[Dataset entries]
= = =

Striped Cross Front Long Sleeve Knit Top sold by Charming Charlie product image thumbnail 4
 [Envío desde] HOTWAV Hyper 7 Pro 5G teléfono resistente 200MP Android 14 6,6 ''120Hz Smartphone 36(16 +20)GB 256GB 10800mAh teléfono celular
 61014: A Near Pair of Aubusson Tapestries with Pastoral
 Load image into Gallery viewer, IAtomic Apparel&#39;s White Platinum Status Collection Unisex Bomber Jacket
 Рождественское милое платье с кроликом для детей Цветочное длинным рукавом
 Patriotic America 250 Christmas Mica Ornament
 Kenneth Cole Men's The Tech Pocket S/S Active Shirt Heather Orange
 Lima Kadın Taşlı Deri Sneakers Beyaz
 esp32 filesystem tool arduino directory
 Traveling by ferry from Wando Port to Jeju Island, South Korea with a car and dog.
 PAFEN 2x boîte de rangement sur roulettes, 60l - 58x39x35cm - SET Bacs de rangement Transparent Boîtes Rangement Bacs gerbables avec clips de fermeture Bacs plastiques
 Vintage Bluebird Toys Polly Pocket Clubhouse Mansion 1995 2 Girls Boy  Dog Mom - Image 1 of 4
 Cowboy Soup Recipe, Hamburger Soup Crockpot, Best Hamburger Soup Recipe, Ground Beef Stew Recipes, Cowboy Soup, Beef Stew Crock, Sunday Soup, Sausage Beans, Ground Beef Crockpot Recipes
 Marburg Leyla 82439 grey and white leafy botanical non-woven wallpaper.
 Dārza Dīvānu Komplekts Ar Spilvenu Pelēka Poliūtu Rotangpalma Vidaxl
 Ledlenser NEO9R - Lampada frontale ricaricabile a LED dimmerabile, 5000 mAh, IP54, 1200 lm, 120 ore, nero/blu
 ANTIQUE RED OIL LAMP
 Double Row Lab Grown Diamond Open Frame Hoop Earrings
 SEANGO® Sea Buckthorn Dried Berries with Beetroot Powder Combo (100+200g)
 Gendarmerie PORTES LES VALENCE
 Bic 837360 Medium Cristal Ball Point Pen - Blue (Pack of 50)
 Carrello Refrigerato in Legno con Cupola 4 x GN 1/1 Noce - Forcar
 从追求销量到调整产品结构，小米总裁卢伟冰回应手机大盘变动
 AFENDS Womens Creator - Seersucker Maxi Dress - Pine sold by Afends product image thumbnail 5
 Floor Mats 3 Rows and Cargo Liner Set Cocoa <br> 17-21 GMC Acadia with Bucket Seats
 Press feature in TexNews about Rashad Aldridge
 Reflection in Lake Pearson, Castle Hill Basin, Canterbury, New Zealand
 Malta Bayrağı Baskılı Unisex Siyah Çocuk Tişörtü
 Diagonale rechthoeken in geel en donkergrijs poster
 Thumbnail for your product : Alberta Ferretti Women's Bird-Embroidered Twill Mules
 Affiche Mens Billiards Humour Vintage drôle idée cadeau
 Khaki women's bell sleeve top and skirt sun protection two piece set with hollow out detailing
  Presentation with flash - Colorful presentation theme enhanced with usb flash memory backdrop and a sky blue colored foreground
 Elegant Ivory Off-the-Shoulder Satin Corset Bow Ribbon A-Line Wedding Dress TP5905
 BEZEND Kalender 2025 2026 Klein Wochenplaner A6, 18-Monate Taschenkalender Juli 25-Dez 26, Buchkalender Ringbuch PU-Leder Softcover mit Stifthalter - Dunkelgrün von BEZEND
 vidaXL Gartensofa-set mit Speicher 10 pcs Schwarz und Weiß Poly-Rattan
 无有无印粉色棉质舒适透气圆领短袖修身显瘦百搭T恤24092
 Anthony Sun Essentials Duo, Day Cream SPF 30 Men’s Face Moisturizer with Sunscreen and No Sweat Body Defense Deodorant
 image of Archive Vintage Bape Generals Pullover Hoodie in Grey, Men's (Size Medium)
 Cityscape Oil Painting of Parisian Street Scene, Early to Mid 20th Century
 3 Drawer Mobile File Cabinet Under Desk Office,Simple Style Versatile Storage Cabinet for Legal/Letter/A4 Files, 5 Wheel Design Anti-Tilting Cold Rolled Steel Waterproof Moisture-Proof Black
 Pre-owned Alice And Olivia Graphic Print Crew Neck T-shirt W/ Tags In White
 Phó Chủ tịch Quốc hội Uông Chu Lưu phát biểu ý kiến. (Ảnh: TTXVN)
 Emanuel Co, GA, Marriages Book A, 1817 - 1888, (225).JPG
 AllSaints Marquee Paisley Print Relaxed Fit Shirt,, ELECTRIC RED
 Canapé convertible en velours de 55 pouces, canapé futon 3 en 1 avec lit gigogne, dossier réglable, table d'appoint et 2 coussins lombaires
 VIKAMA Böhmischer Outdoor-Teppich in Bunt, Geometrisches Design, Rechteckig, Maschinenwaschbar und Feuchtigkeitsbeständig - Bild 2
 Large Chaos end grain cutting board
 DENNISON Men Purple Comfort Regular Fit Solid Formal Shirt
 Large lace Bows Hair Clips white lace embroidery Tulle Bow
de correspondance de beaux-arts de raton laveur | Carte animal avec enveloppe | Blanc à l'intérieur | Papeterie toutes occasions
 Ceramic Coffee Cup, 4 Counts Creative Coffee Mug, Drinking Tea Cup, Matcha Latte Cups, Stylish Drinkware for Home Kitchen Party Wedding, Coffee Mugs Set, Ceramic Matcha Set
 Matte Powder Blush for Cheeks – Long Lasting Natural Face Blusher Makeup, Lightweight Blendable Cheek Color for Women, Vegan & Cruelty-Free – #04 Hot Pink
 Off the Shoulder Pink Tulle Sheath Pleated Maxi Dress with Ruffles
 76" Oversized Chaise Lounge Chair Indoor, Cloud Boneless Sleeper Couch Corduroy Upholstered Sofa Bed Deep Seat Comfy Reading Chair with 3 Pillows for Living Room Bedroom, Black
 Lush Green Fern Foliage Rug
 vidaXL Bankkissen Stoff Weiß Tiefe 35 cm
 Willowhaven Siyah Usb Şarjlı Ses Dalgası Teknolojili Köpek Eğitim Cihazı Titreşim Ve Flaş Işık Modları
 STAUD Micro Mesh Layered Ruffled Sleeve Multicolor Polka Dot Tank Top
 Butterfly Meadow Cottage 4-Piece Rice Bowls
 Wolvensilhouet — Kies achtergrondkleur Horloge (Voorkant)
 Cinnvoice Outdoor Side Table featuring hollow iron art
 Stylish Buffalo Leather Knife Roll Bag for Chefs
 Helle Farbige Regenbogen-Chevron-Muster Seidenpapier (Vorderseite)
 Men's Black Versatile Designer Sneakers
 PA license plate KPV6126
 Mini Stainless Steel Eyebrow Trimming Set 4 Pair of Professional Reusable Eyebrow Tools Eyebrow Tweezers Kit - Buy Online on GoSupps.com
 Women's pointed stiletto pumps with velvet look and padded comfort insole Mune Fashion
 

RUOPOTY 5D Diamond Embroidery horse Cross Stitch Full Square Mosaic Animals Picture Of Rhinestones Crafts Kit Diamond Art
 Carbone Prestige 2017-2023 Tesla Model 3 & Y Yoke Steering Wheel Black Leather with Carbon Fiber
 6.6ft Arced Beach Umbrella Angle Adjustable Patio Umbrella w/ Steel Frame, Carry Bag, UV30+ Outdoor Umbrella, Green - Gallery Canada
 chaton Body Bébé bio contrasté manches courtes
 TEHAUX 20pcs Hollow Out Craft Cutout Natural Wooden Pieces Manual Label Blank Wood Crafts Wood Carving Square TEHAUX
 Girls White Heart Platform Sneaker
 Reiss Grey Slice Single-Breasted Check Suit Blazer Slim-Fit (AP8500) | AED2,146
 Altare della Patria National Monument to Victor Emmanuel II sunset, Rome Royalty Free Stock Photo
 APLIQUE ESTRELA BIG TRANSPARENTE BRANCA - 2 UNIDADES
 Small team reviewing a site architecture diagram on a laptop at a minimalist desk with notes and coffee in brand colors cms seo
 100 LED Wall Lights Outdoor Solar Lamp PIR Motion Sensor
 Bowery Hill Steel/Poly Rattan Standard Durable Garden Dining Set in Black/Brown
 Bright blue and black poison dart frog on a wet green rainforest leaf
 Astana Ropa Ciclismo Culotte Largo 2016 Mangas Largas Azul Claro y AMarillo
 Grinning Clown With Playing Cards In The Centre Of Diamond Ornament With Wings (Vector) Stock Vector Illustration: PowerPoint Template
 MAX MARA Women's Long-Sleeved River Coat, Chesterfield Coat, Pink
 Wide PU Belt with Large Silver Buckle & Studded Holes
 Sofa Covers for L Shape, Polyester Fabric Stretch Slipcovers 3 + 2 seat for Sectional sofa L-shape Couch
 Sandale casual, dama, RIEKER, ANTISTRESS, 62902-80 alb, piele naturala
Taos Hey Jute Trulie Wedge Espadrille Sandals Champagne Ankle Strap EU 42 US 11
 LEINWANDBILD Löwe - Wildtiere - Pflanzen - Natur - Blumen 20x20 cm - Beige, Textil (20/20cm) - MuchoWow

= = =

*Task description:* Among the entries above, the line containing "Cinnvoice Outdoor Side", the line containing "APLIQUE ESTRELA BIG", and all lines between them are to be restated word for word; nothing else belongs in the reply.

*Exercise answer:*
 Cinnvoice Outdoor Side Table featuring hollow iron art
 Stylish Buffalo Leather Knife Roll Bag for Chefs
 Helle Farbige Regenbogen-Chevron-Muster Seidenpapier (Vorderseite)
 Men's Black Versatile Designer Sneakers
 PA license plate KPV6126
 Mini Stainless Steel Eyebrow Trimming Set 4 Pair of Professional Reusable Eyebrow Tools Eyebrow Tweezers Kit - Buy Online on GoSupps.com
 Women's pointed stiletto pumps with velvet look and padded comfort insole Mune Fashion
 

RUOPOTY 5D Diamond Embroidery horse Cross Stitch Full Square Mosaic Animals Picture Of Rhinestones Crafts Kit Diamond Art
 Carbone Prestige 2017-2023 Tesla Model 3 & Y Yoke Steering Wheel Black Leather with Carbon Fiber
 6.6ft Arced Beach Umbrella Angle Adjustable Patio Umbrella w/ Steel Frame, Carry Bag, UV30+ Outdoor Umbrella, Green - Gallery Canada
 chaton Body Bébé bio contrasté manches courtes
 TEHAUX 20pcs Hollow Out Craft Cutout Natural Wooden Pieces Manual Label Blank Wood Crafts Wood Carving Square TEHAUX
 Girls White Heart Platform Sneaker
 Reiss Grey Slice Single-Breasted Check Suit Blazer Slim-Fit (AP8500) | AED2,146
 Altare della Patria National Monument to Victor Emmanuel II sunset, Rome Royalty Free Stock Photo
 APLIQUE ESTRELA BIG TRANSPARENTE BRANCA - 2 UNIDADES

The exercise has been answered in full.